I touch the penny in my pocket. I get a horrible pang for chocolate and vanilla ice cream. I head to the kitchen in search of something to fulfill my craving. “You need anything, Reese?” Diane asks.
“I’m looking for something to snack on. Dietetic!” I specify to Diane. “Definitely not chocolate or ice cream.”
“I’ve got almond milk vanilla ice cream. It’s pretty good, lower calories than the normal kind. One scoop? Or two?”
Oh god. “One,” I say, but lift two fingers.
I carry it to my room and then just stare at the ice cream and think of him. Maverick. Cage. Maverick is outside the box, but cage is as if trapped. I think of his tattoo of the bird and picture fingers tracing it, and guess whose fingers those are? Mine.
And then lips are pressing against it, and guess whose lips those are? Mine.

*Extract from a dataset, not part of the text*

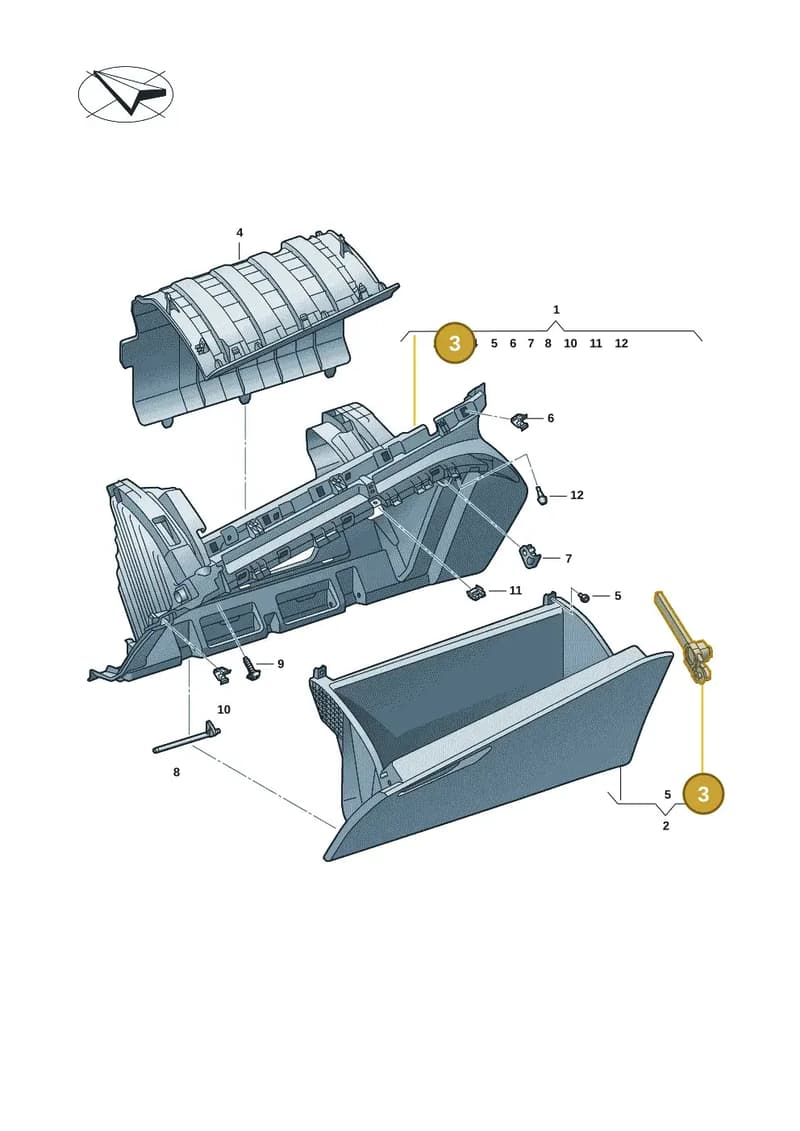11H858309 — SEAT CUPRA Tavascan (2023-) diagram 20h857030, position 3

And he tastes better than this vanilla ice cream, and it suddenly feels like the only thing that will satisfy this endless craving he’s started in me is him, and I’m pretty sure I can’t have him just like I can’t have normal ice cream.
I hold the bowl in my hands but actually strain my ears to hear more of the talk out in the living room.
Remington Tate is the king of the ring. Undefeated for years. He trains like his life depends on it, and he fights like he lives for it. He’s an icon of the Underground and a master fighter. First a boxer, kicked out because of his unruly temper, he’s now made a name for himself in the Underground to rival that of any heavyweight, welterweight, or middleweight champion. He fights mega-fights, which draw mega-crowds; and between his cocky, dimpled grins and the way he beats his opponents to a pulp, the sensational fights he creates are cause for a lot of money and a lot of fans.